Exercise brief - Your reply should reproduce the data below without a single alteration, apart from dropping the images.
------ Provided data
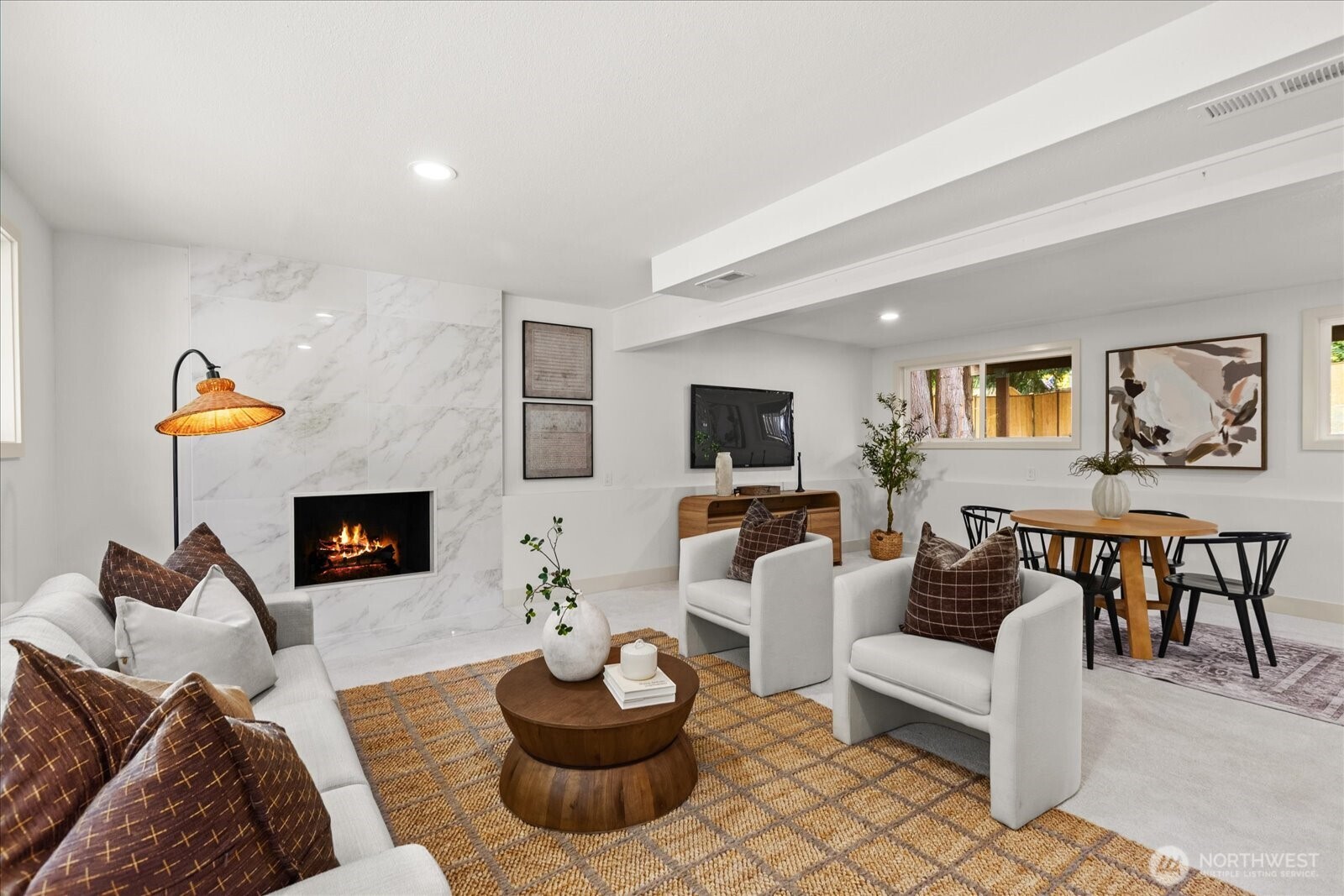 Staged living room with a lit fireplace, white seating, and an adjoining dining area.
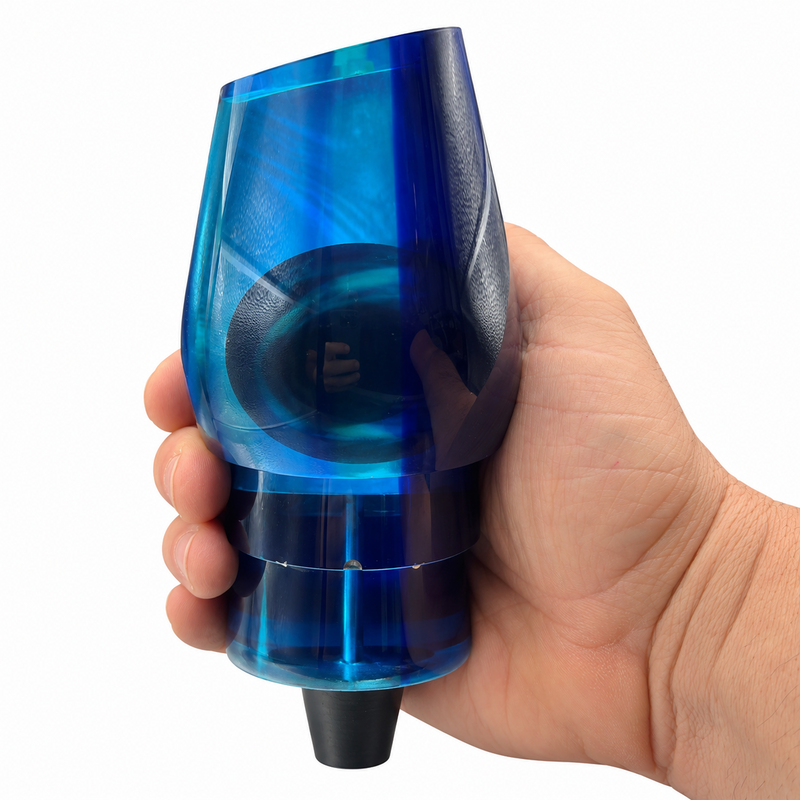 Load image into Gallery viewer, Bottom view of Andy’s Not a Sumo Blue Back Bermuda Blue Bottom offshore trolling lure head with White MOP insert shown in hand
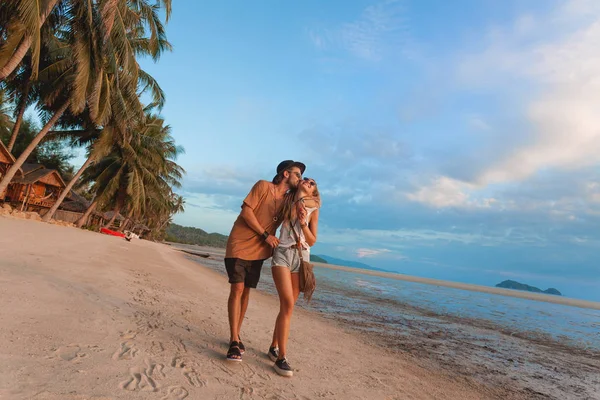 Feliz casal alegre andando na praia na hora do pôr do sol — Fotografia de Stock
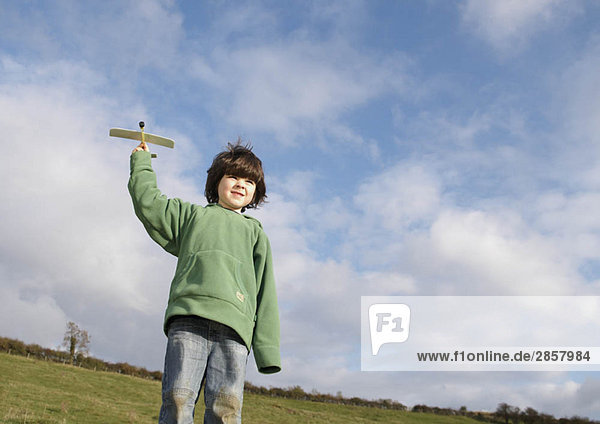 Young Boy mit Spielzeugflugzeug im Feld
------------
Answer space -
 Staged living room with a lit fireplace, white seating, and an adjoining dining area.
 Load image into Gallery viewer, Bottom view of Andy’s Not a Sumo Blue Back Bermuda Blue Bottom offshore trolling lure head with White MOP insert shown in hand
 Feliz casal alegre andando na praia na hora do pôr do sol — Fotografia de Stock
 Young Boy mit Spielzeugflugzeug im Feld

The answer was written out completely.